Shared IndexesMonitor. Index metadata is cluster-scoped, so the pool runs one shared IndexesMonitor (anchored to loop 0, issuing info commands through clients[0]) instead of one per client. The factory’s per-client monitor is replaced before connect(), so cluster-side sindex-list load is independent of loop_count. Tune via the index_refresh_interval kwarg on AsyncPool itself.

Per-Client Tokio runtime. When loop_count >= 4, AsyncPool automatically configures each Client to use its own dedicated PAC Tokio runtime instead of the shared global one. This eliminates the cross-loop scheduler contention that previously caused throughput to collapse beyond 4 loops. Controlled via the per_client_runtime kwarg; see its docstring for the threshold rationale and override.

Tuning notes (8-core remote-cluster measurement, FT 3.14t):

Tasks-per-loop floor. Below ~16–32 concurrent asyncio tasks per loop, per-call dispatch overhead (run_coroutine_threadsafe + asyncio.wrap_future) dominates the savings from parallelism — a 4-loop pool with 8 tasks/loop measured slower than a 1-loop client with 32 tasks total. Keep tasks-per-loop in the same regime that saturates a single client.
Throughput scales monotonically with loops under per-Client runtime (4×64 = 167K, 8×64 = 178K, 12×64 = 180K TPS measured). TPS ceiling on 8-core hardware is ~180K, capped by Python interpreter self-time across loops.
Tail latency degrades with loops. 4×64 has p99 = 4.3 ms; 12×64 has p99 = 15.5 ms. Latency-sensitive workloads should pick loop_count based on the p99 budget; throughput-only workloads can push higher.
Sweet spot is hardware-dependent. With colocated client+server the sweet spot shifts down because they share CPU; with more cores the ceiling shifts up. Always validate against your target deployment.

Example:

pool = AsyncPool(
    client_factory=lambda: Client("127.0.0.1:3000"),
    loop_count=4,
)
async with pool:
    result = await pool.run(
        lambda client: client.create_session().get(key)
    )

See also

Client: Single-loop async API.

__init__(client_factory, loop_count=None, *, index_refresh_interval=5.0, per_client_runtime=None)[source]¶

Configure the pool. Call start() or use async with.

Parameters:

client_factory (Callable[[], Client]) –
Zero-argument callable returning an unconnected Client. Called loop_count times — once per pool thread. Each client connects on its own loop, binding its PAC CompletionBridge to that loop.

Shared-policy invariant: when per_client_runtime is enabled (auto at loop_count >= 4 on free-threaded Python), the factory MUST return Clients sharing a single ClientPolicy PyO3 object — typically via a closure that captures one policy: policy = ClientPolicy(); factory = lambda: Client(seeds, policy=policy).

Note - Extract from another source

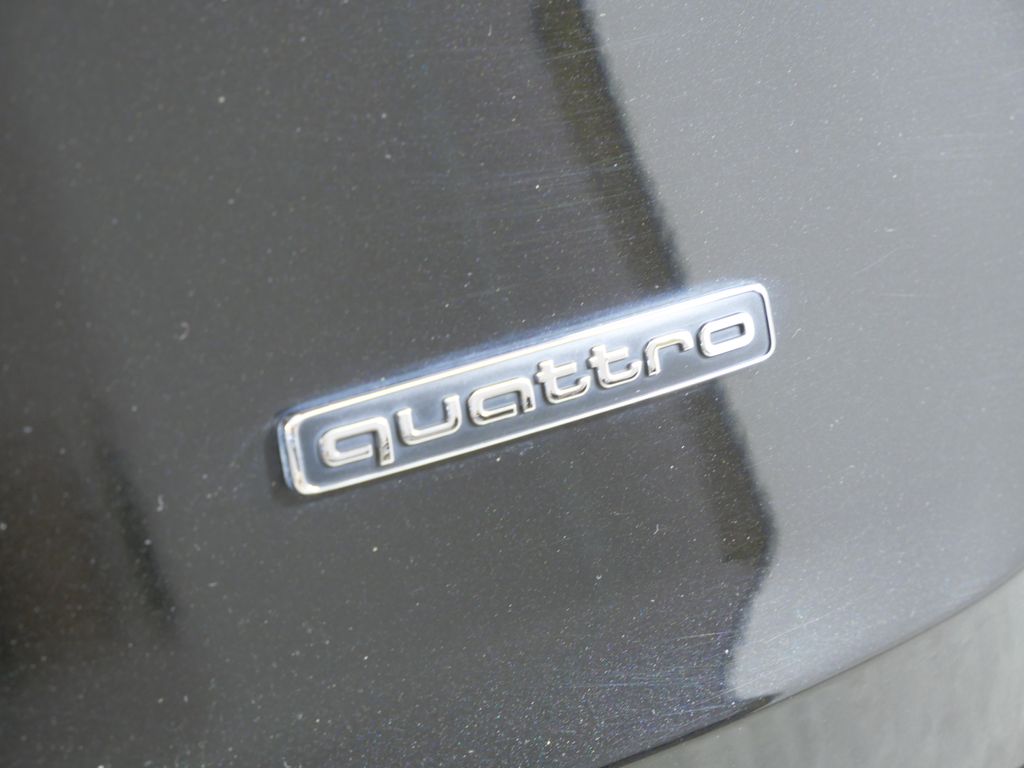 Thumbnail: 2022 Audi Q7 - 22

AsyncPool applies a one-shot mutation to that shared policy before any loop thread starts; constructing a fresh ClientPolicy per call would land the mutation on client 0 only and silently disable the per-Client runtime for the rest. Violations raise RuntimeError from start().

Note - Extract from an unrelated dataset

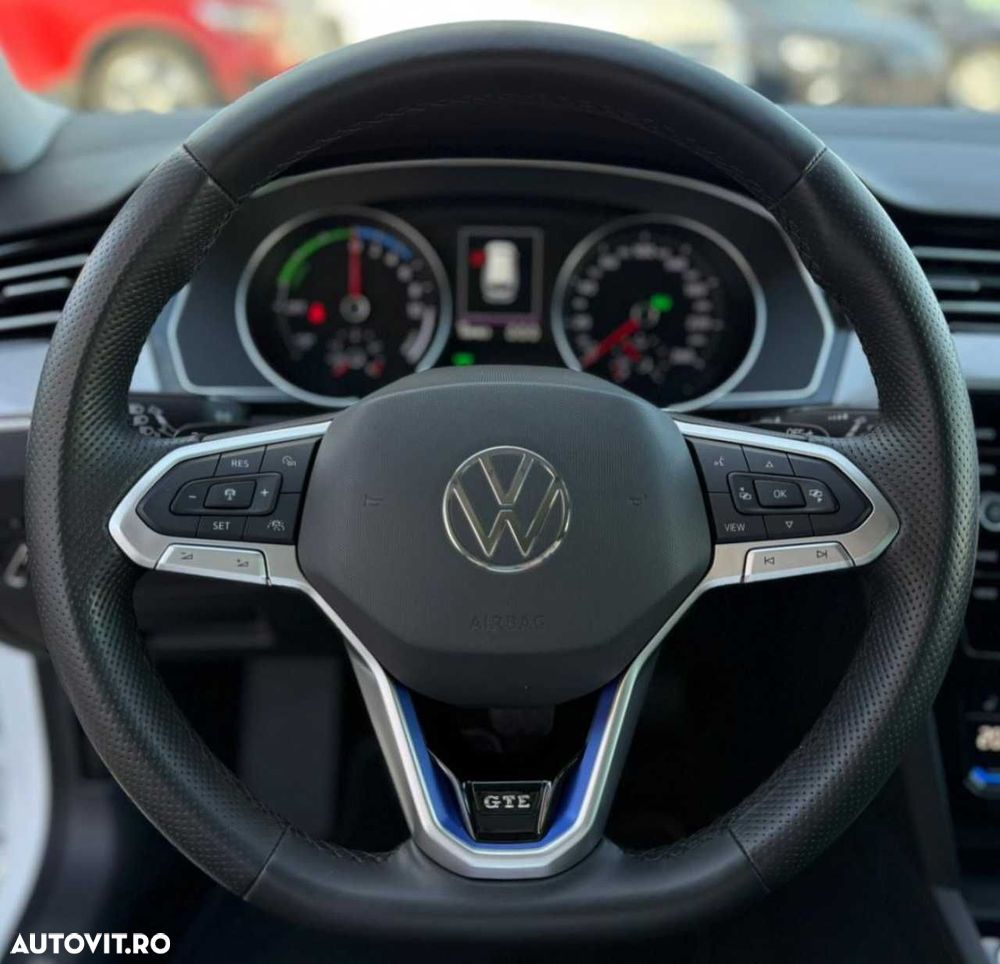 VOLKSWAGEN Passat 2020 — imagine 24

Connection-pool sizing: with N clients, total connections per server node = N × max_conns_per_node. To keep the aggregate budget constant, set ClientPolicy.max_conns_per_node in the factory to default / loop_count.
loop_count (Optional[int]) – Number of event loops / OS threads. Defaults to os.cpu_count() (or 4 if indeterminate).
index_refresh_interval (float) – Seconds between secondary-index cache refreshes for the pool’s single shared IndexesMonitor (default 5.0). Index metadata is cluster-scoped, so one monitor serves all pool clients — the per-Client monitor each client_factory() would create is replaced before connect, eliminating N×polling load.
per_client_runtime (Optional[bool]) –
Whether each pool Client should run on its own dedicated PAC Tokio runtime (per-loop runtime isolation, eliminates cross-loop scheduler contention).
- None (default): auto-enable when loop_count >= 4. Below 4 loops the shared global runtime wins on the per-loop worker budget; at 4+ loops per-Client runtimes scale monotonically (measured: AsyncPool 8×64 lifts from ~59K TPS collapsed to ~184K with per-Client runtimes).
- True: always enable. Worker count auto-sized to max(2, os.cpu_count() // loop_count).
- False: never enable; use the shared global runtime regardless of loop_count.

Example:

from aerospike_async import ClientPolicy
from aerospike_sdk import Client

N = 4
def make_client() -> Client:
    policy = ClientPolicy()
    policy.max_conns_per_node = 300 // N
    return Client("127.0.0.1:3000", policy=policy)

pool = AsyncPool(client_factory=make_client, loop_count=N)

async start()[source]¶

Spin up pool threads, event loops, and connect all clients.

Each thread starts an asyncio event loop, then the pool creates and connects one Client per loop (via run_coroutine_threadsafe). Because Client.connect() calls await new_client(…) on the pool loop, the PAC CompletionBridge is naturally bound to the correct loop.

Raises:: RuntimeError – If already started or closed.
Return type:: None

async aclose()[source]¶

Ordered shutdown.

Protocol:

Fence — reject new run/map calls.
Close each client — stops new PAC operations, flushes connection pools. Runs on each client’s own loop so Client.close() awaits properly.
Stop event loops — loop.stop() is scheduled via call_soon_threadsafe, so any pending drain callbacks (from completions delivered between close and stop) run first.
Join threads.

Completions that arrive after the loop stops hit the CompletionBridge.closed latch and resolve their Python futures with RuntimeError("event loop is closed") — callers fail fast instead of hanging.

Return type:: None

async run(fn, pick=None)[source]¶

Dispatch fn(client_i) to one of the pool’s loops.

Parameters:

fn (Callable[[Client], Coroutine[object, object, TypeVar(T)]]) – Async callable receiving one of the pool’s Client instances.
pick (Optional[int]) – Explicit loop index (modulo loop_count). None selects round-robin.

Return type:

TypeVar(T)

Returns:

The awaited result of fn.

Raises:

RuntimeError – If the pool is not started, is closed, or if called from within one of the pool’s own loops (which would deadlock).

Example:

result = await pool.run(
    lambda c: c.create_session().get(key)
)

async map(fn, inputs)[source]¶

Dispatch fn across inputs, sharded round-robin across loops.

Parameters:

fn (Callable[[Client, TypeVar(X)], Coroutine[object, object, TypeVar(T)]]) – Async callable receiving (client, input_item).
inputs (Iterable[TypeVar(X)]) – Items to distribute across the pool.

Return type:

List[TypeVar(T)]

Returns:

Results in the same order as inputs.

Raises:

RuntimeError – If the pool is not usable or called from a pool loop.

Example:

async def do_get(client: Client, key: Key) -> RecordResult:
    return await client.create_session().get(key)

results = await pool.map(do_get, keys)

property loop_count: int¶: Number of event loops / OS threads in the pool.

property is_started: bool¶: True after start() succeeds.

property is_closed: bool¶: True after aclose() is called.